Don’t be a Lazy Coder

I hear versions of this CONSTANTLY: “Being a lazy coder is good.” Well, I’m here to tell you being lazy is not a good trait for being a software engineer. How do I know this? I’ve worked with plenty of lazy developers! They’re the absolute worst and I’m here to tell you why.

Lazy != Efficient

I think a lot of people confuse lazyiness with efficiency. Efficiency is described as being able to do the maximum amount of work with the least amount of effort. While that can easily be conflated with being “lazy” I can assure you it is anything but. Being efficient takes time, practice, and hard work. The two keys there are time and hard work. These are two things that are antithetical to laziness. Laziness is not about putting in work to find the most efficient way to do things, it’s about doing the bare minimum to get by. Laziness means not maximizing the amount of work done with the least effort it means doing as little work as possible. That’s really the main difference I want to get across.

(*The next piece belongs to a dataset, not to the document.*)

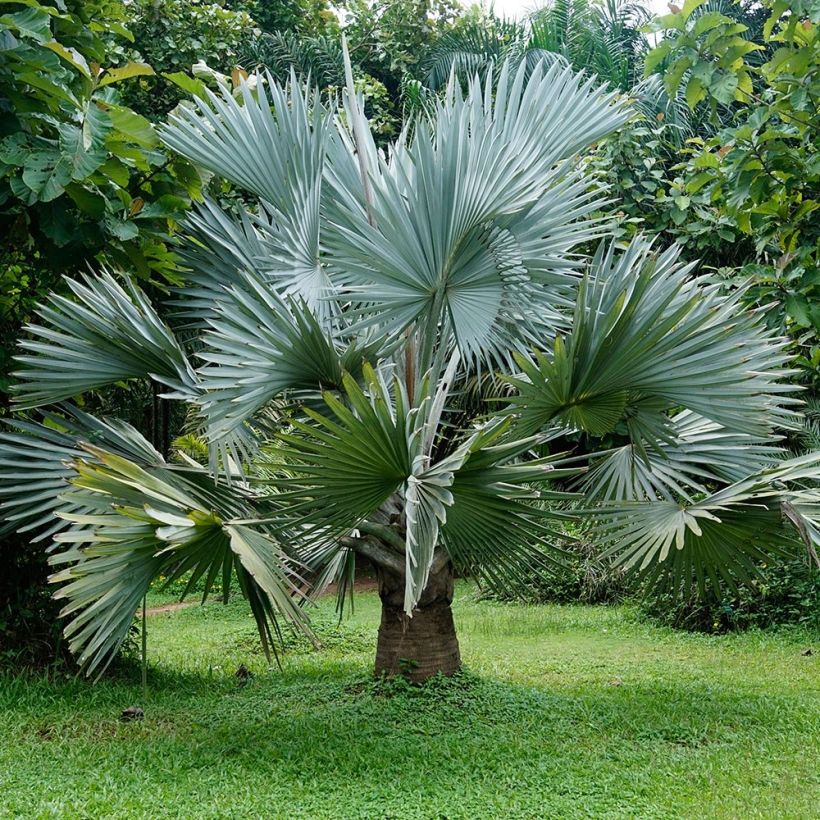 Bismarckia nobilis - Bismarck-Palme (Plant habit)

Efficient — maximizing amount of work done for least amount of effort

Lazy — doing the minimum amount of work to simple get by

Procrastination

That’s the other thing that bugs me about lazy people; they’re serial procrastinators. This is something we all do, I get it. However, the lazy do it CONSTANTLY. When you hire a lazy person for any job, expect it to not be done, and certainly expect it to not be done well. You can often expect rush jobs because the lazy mf’er kept putting the work off until the lasty minute.

Laziness Leads to Mistakes

One of my biggest issues with lazyiness is the amount of mistakes that happen when developers get lazy. I will hear things like:

“It’s too much work to unit test ALL of this code”. — some lazy developer

“It works I guess.” — a coding bum

The trait of laziness does not lend itself to forethought about issues that might come up. Why not? It’s too much work.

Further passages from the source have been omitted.